Les Etats-Unis et la Chine basculent dans la guerre commerciale

La guerre est déclarée. Malgré les mises en garde alarmistes et la nervosité des marchés, les Etats-Unis et la Chine se sont lancés ce vendredi dans une guerre commerciale avec l’entrée en vigueur de taxes douanières réciproques sur des dizaines de milliards de dollars de marchandises. Les tentatives de compromis entre les deux puissances n’ont pas abouti.

Les tarifs douaniers américains de 25% sur 34 milliards d’importations chinoises, qui frappent 818 produits dont des voitures, des composants d’avions ou des disques durs d’ordinateurs tout en épargnant des biens populaires comme les téléphones portables ou les télévisions, sont effectifs depuis jeudi à minuit (6 heures du matin vendredi en France).

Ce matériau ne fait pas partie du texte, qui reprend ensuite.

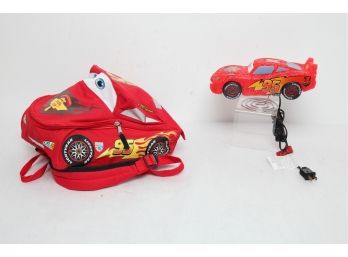 Lightning McQueen (Disney's Cars) Bedside Lamp & Backpack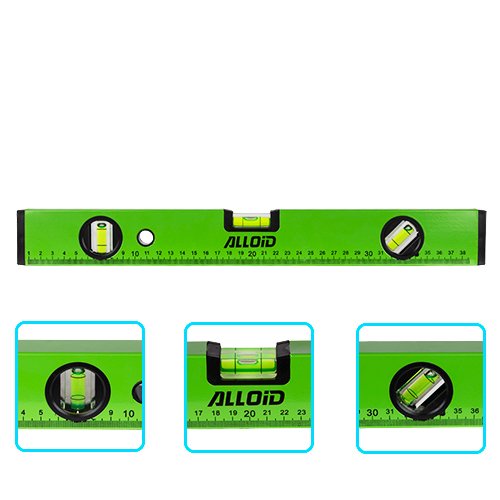 Рівень будівельний Alloid 40 см — алюмінієвий корпус, 3 капсули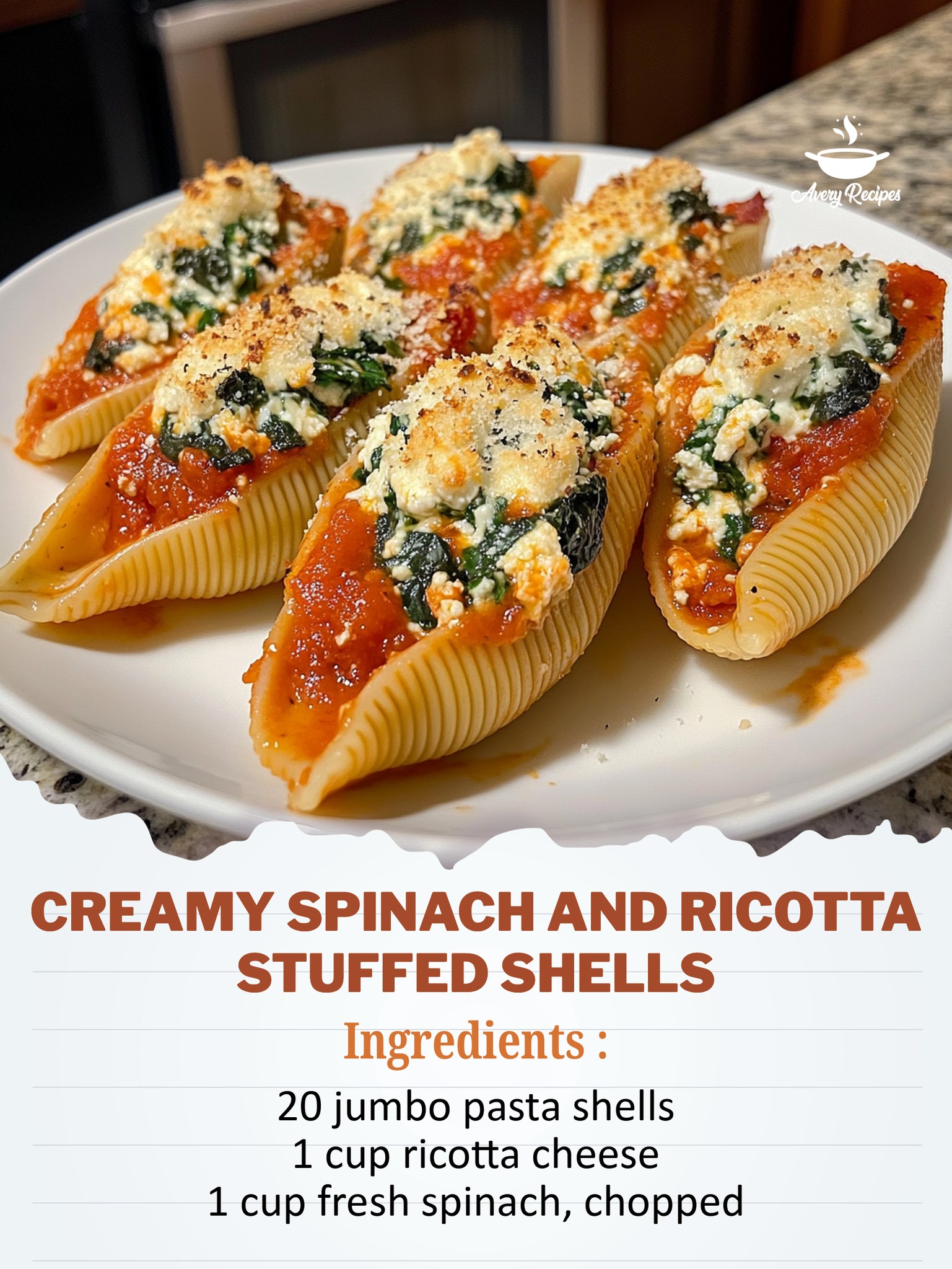 Avery - Creamy Spinach and Ricotta Stuffed Shells Decadent Pasta Shells ...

En réponse, « la Chine a déposé une nouvelle plainte à l’OMC à propos des droits de douane formellement appliqués par les Etats-Unis », a indiqué Chine Nouvelle, citant un communiqué du ministère du Commerce. Le ministère chinois des Affaires étrangères a par ailleurs déclaré ce vendredi que des mesures de rétorsion étaient entrées en vigueur « immédiatement » après. L’agence officielle a précisé que des « droits de douane complémentaires de 25% » avaient été imposés sur un montant « égal » de produits américains.

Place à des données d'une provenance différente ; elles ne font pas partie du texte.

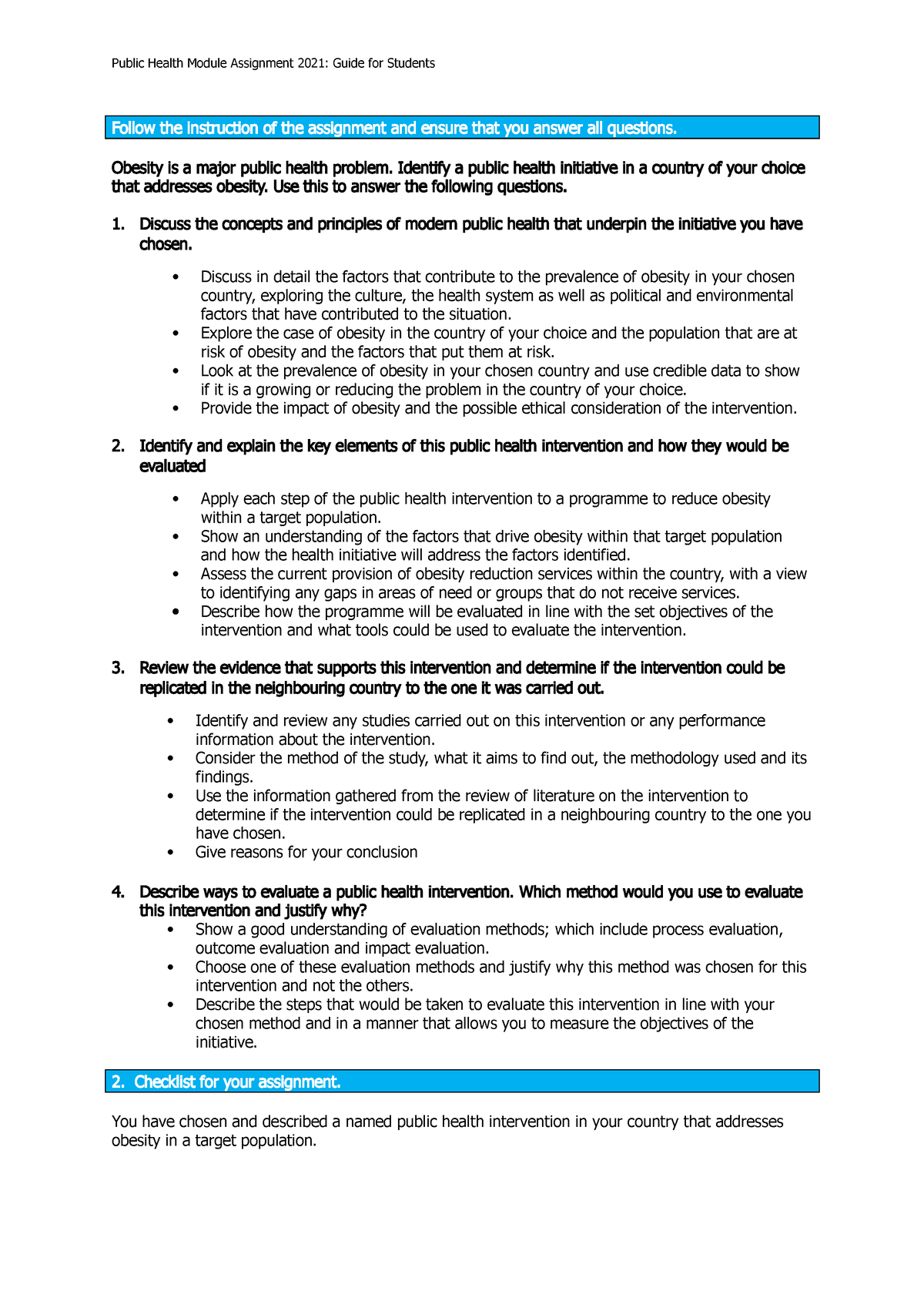 Obesity Is A Major Public Health Problem. Identify A Public Health ...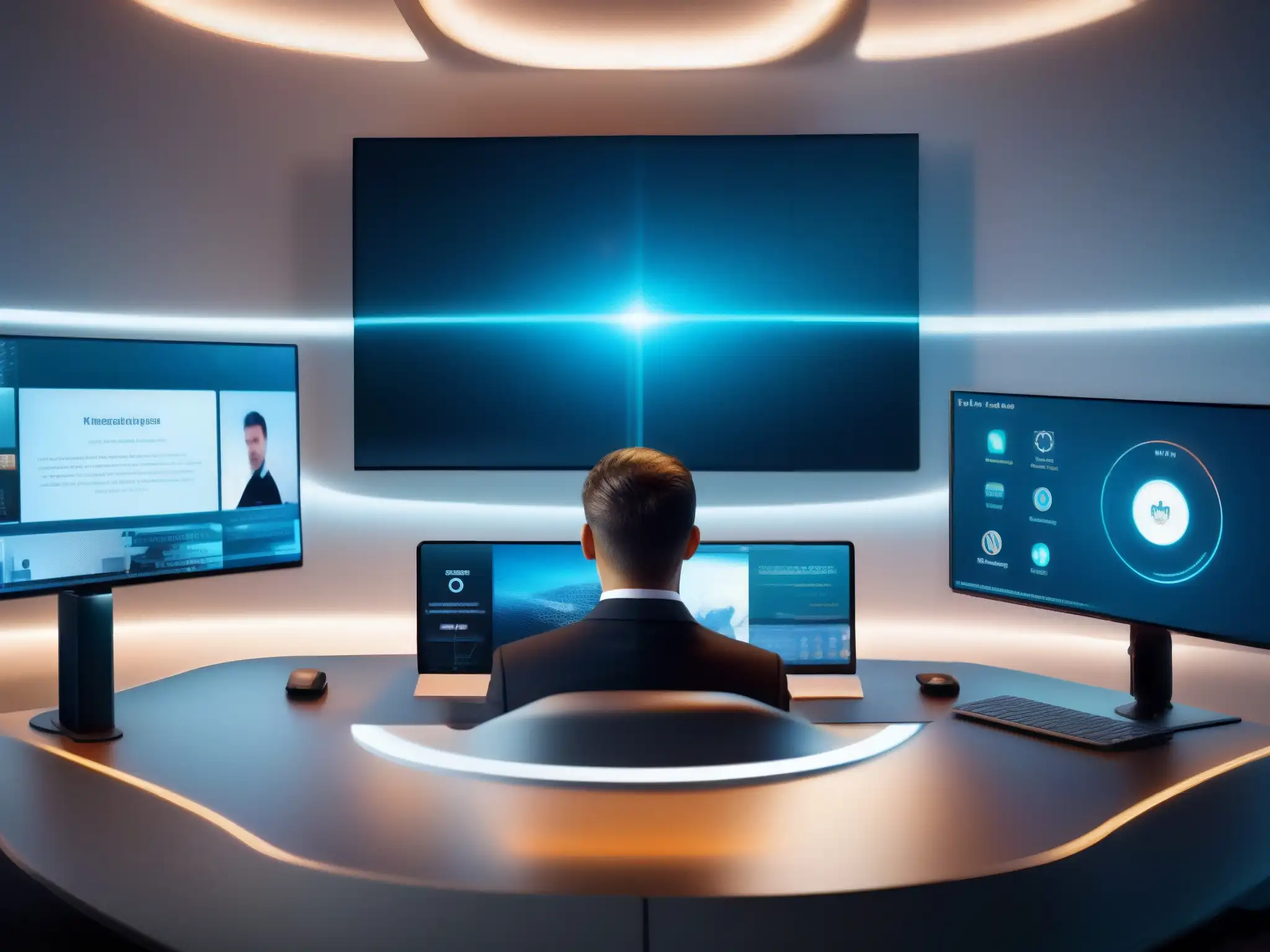 Conferencia virtual segura: profesional en entorno futurista Profesional en videoconferencia con tecnología de seguridad futurista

Ces droits de douane chinois affecteront des produits agricoles dont le soja, très dépendant du marché chinois, le secteur automobile ou encore des produits de la mer comme les langoustes.

«La Chine ne cédera pas à la menace ni au chantage», avait assuré jeudi à Pékin le porte-parole du ministère chinois du Commerce, Gao Feng. Au total, ce sont 50 milliards de dollars d’importations chinoises annuelles qui sont affectées par les mesures américaines destinées à compenser ce que l’administration Trump considère être le « vol » de propriété intellectuelle et de technologies.

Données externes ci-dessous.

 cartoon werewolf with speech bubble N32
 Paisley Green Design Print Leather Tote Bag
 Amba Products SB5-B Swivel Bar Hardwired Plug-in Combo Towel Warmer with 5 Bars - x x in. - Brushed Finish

Le second lot de 16 milliards d’importations chinoises fait pour l’heure l’objet d’un examen supplémentaire de la part du représentant au Commerce (USTR), Robert Lighthizer.

Les deux premières puissances économiques du monde ne devraient pas en rester là puisque Donald Trump a demandé à Robert Lighthizer « d’identifier 200 milliards de dollars de biens chinois en vue de taxes supplémentaires de 10% ».

Et le président américain s’est dit prêt à taxer 200 milliards de dollars de biens additionnels « si la Chine augmente à nouveau ses tarifs douaniers » en réaction.

Les experts mettent en garde depuis des mois contre les dommages potentiels d’une telle confrontation commerciale, non seulement sur l’économie américaine mais aussi sur l’économie mondiale.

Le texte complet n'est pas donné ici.